In standard SI-Bibliotexes uclibc and uclibc- ng used in many built-in and portable devices, revealed vulnerability (CVE is not assigned), which allows to substitute fictitious data in the DNS cache, which can be used to substitution in the IP address of an arbitrary domain and redirect appeals to the domain On the server of the attacker.
The problem affects various Linux interrogations for routers, access points and Internet-worshiping devices, as well as Linux-displacements for built-in systems, such as OpenWRT and Embeded Gentoo. It is noted that vulnerability is manifested in the devices of many manufacturers (for example, UCLIBC used in firmware Linksys, Netgear and Axis), but since in UCLIBC and UCLIBC-NG vulnerability remains incorporate, detailed information about specific devices and manufacturers whose products are present until the problem is disclosed.
Vulnerability is caused by the use of predictable transaction identifiers in the DNS-stroke code. The identification number of the DNS request was selected by a simple increase in the meter without the use of additional randomization of port numbers, which made it possible to achieve the poisoning of the DNS cache through the proactive sending of UDP packets with fictitious answers (the answer will be accepted if it came earlier than the response of the real server and includes the correct ID). Unlike the Kaminsky method proposed in 2008, the transaction identifier does not even need to be guessed, since it is initially predictable (at first, the value 1 is set, which increases with each request, and not selected randomly).
.
In the specification, to protect against the selection of the identifier, it is recommended to additionally apply the random distribution of numbers of the source network ports from which the DNS queries are sent, which compensates for the insufficiently large size of the identifier.

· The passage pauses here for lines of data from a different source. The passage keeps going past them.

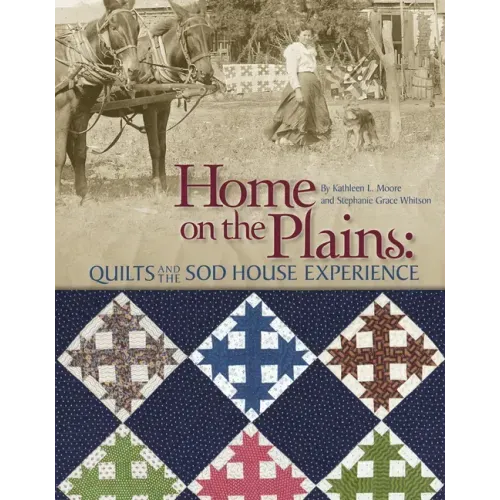 Home on the Plains: Quilts and the Sod House Experience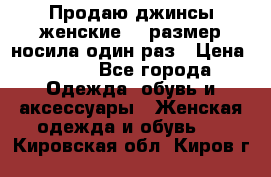 Продаю джинсы женские.44 размер носила один раз › Цена ­ 650 - Все города Одежда, обувь и аксессуары » Женская одежда и обувь   . Кировская обл.,Киров г.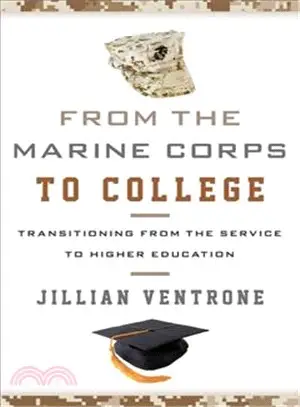 From the Marine Corps to College ─ Transitioning from the Service to Higher Education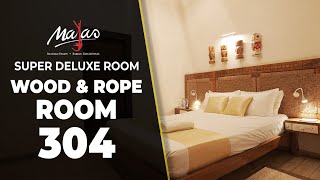 WOOD amp ROPE ROOM  Room no304  SUPER DELUXE ROOM [upl. by Follmer173]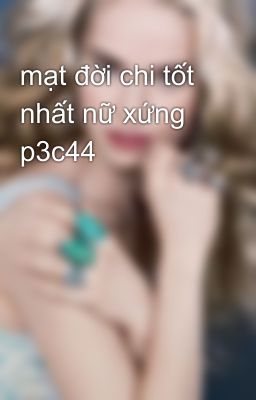 mạt đời chi tốt nhất nữ xứng p3c44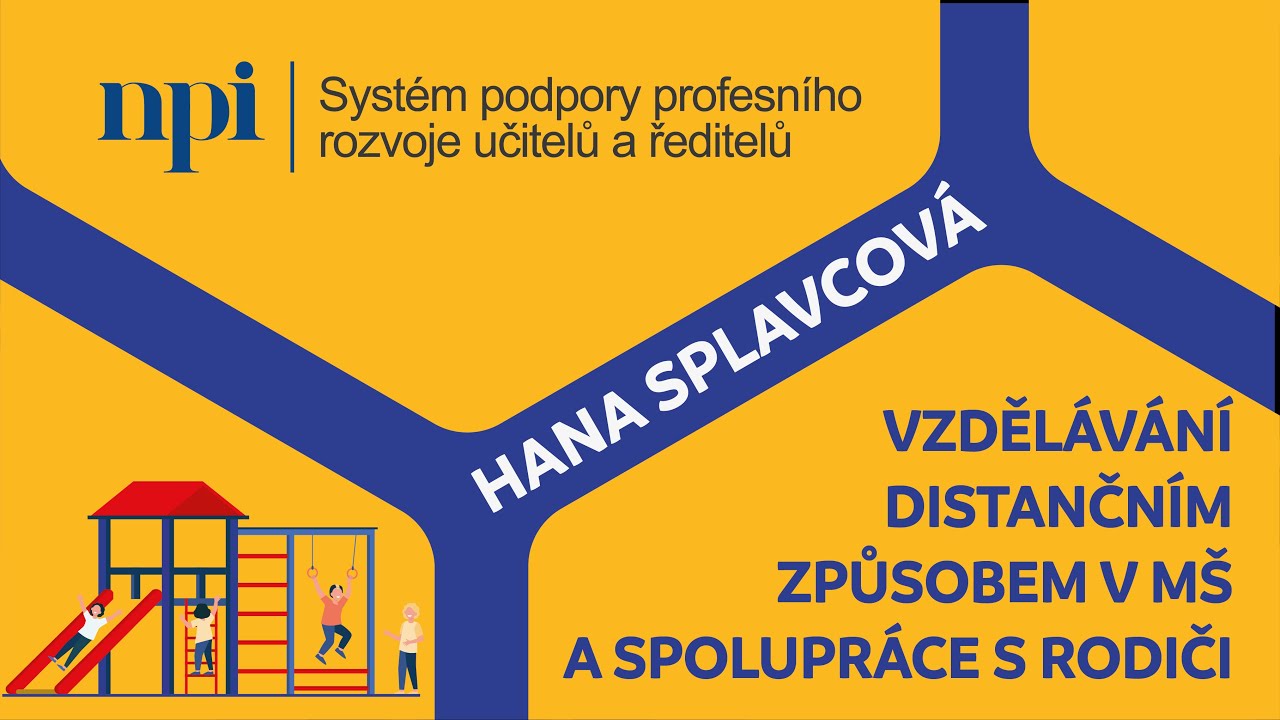 MŠ, 1. stupeň - Vzdělávání distančním způsobem v MŠ a spolupráce s rodiči - H. Splavcová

When the ports are turned on, to form a fictitious response, in addition to the selection of 16 bit identifier, it is necessary to choose the number of the network port. In UCLIBC and UCLIBC-H, such a randomization was not explicitly turned on (when calling Bind, the random source UDP port was not indicated) and its use depended on the settings of the operating system.
When you turn off the randomization of the sweat, the determination of the increased request identifier is noted as a trivial task. But even in the case of randomization, the attacker only needs to guess the network port from the range 32768-60999, for which you can use the massive simultaneous sending of fictitious answers to different network ports.